Geneva (3-4-2) may have been pushed back, but the Vikings' defensive organization remained solid throughout the contest, and that's an important thing for a team whose defense was hit hard by graduation a year ago.

"Our overall effort and how hard we worked, especially in that first half," I'm impressed by that," Geneva coach Megan Owens said. "We've come a long way in a short number of games. We lost our goalie through injury and we're trying to figure that out."

With a number of new players to the varsity setup this year, the Vikings are reloading from a program that has had incredible success in recent years.

"We're getting to where we need to be," Owens said. "By the end of the season, when I get some of my injured players back, I'm excited where we're going to be."

In addition to three wins in the Augsburg-Drach tournament, the Saints defeated West Chicago on Tuesday. The week's storms meant the St. Charles East played its match with Naperville Central on Friday night, then returned to play Geneva 22 hours later. The team's hectic schedule continues Monday against Glenbard North and a Tuesday contest with Batavia.

"We played a Top 10 program like Naperville Central, and we had to bring one of our best games," Jennison said. "It was our best game of the season. Then we came up against a local rival in Geneva that's a state powerhouse now, that's what they are."

Geneva's schedule is no less intense.

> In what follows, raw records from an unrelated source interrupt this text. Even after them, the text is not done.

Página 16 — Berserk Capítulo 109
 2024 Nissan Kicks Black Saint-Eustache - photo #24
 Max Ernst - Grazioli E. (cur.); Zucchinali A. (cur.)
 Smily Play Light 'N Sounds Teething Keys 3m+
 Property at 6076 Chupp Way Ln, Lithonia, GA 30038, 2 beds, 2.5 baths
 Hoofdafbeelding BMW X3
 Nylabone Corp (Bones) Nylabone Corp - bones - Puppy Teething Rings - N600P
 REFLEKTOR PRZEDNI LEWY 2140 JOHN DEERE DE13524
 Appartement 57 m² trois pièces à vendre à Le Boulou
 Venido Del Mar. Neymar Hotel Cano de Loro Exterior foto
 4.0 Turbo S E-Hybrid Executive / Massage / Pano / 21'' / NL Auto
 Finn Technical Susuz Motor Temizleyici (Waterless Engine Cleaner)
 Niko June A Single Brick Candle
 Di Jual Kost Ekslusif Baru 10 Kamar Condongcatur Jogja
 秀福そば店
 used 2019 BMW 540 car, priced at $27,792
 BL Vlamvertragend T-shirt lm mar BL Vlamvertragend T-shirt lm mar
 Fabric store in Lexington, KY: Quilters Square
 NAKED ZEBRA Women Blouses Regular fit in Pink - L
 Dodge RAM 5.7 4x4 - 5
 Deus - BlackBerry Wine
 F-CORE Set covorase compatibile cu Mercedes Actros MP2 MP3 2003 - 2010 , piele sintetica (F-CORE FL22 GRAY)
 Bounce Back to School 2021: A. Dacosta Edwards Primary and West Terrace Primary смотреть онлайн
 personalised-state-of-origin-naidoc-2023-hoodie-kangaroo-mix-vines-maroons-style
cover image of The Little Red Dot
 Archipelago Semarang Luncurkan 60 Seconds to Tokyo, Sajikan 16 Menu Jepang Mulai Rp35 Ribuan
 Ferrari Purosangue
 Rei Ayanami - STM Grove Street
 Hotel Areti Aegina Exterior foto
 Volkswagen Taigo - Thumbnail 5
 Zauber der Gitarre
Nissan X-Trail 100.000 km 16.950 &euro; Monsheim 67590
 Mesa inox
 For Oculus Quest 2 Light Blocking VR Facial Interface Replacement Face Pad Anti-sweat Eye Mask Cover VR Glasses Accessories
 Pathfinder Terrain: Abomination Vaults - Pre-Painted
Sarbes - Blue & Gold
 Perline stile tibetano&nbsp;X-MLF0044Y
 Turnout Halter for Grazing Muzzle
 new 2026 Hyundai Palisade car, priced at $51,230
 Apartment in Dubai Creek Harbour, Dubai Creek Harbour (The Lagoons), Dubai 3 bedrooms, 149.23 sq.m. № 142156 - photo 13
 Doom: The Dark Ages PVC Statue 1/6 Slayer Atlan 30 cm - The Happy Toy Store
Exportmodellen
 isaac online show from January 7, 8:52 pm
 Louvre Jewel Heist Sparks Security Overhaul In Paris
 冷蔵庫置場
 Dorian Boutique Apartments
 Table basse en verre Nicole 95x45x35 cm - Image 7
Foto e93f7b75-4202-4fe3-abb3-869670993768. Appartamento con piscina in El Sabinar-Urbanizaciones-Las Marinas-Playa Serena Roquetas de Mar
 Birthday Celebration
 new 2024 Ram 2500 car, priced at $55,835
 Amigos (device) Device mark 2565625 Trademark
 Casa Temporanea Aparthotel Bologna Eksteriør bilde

The Vikings opened with contests against Larkin and Elgin before playing their three Augsburg-Drach contests. Owens' team only has a Tuesday match against West Chicago this week before heading back into intensely competitive weeks.

"We've not practiced since the third week in March," Owens said. "We had Spring Break and then we had five games in six days, so we've had to figure things out on the fly. I think tonight was an impressive showing for us."